1

I am fitting several models to data of unknown size. The models range from linear, quadratic and ODE, however the parameter-identification is always linear and I am using OLS. The parameters of the models are at the end stored, as they reflect crucial properties of a system. During the manual validation of the approaches I heavily relied on graphical checks like QQ-plots and histogram in order to check, whether the residuals and thus subsequently the goodness of the fit is reasonable.

However the graphical inspection will not be possible anymore, as I will get a lot of data sets and each data set describes another system and the data sets could also vary quite a lot in their size. That's why I am exploring to store characteristic quantities, that describe the quality of the fits within one data set, so that I can pinpoint to data sets and investigate in more detail, why there is a quite different fit compared to the other data sets. I also cannot do this by looking at the identified parameters, as they are allowed to differ. I want to identify parameters that might vary due to bad fits and subsequently analyze the data set. For example I will store $R^2$-value of the fits.

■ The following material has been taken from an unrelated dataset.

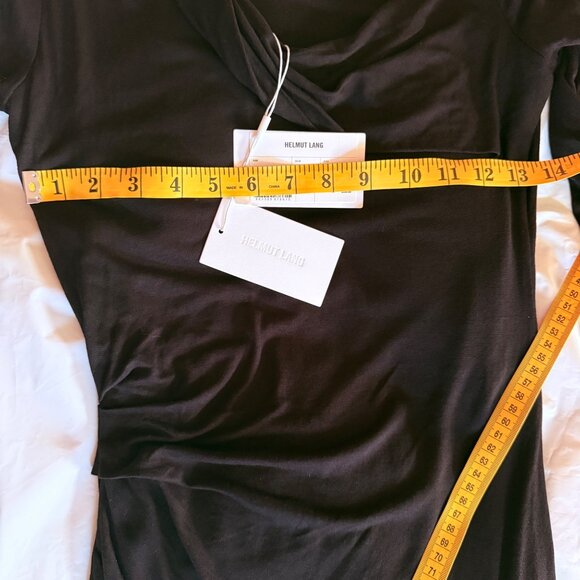 NWT Helmut Lang Little Black Dress With Side Tie Size S Quiet Luxury Minimalist - Picture 13 of 16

I also tried relying on the p-value of the chi-squared-test, whether the residuals of the fit follow a normal distribution as my hypothesis. I ran into the problem, that the chi-squared-test does not really give me reliable and reproducible results by quite minor changes of the data especially if the data is quite large - like discussed here Is normality testing 'essentially useless'?.

I basically want to know by looking at the residuals, whether there are anomalies or trends in them, that won't be explained by $R^2$-value and thus could worsen or invalid this specific parameter. I was thinking about calculating higher moments like skewness and curtosis as well, but I am not sure, whether these values will suffice. I also thought about fitting linear or quadratic models to the residuals itself and use the parameters to judge about occuring trends or anomalies, but I am not sure, if that is a bit of an overkill.

Furthermore I tried to understand the idea behind directed tests as proposed by https://stats.stackexchange.com/a/30053, whether this could be an applicable solution, but I was not able to grasp the idea behind it.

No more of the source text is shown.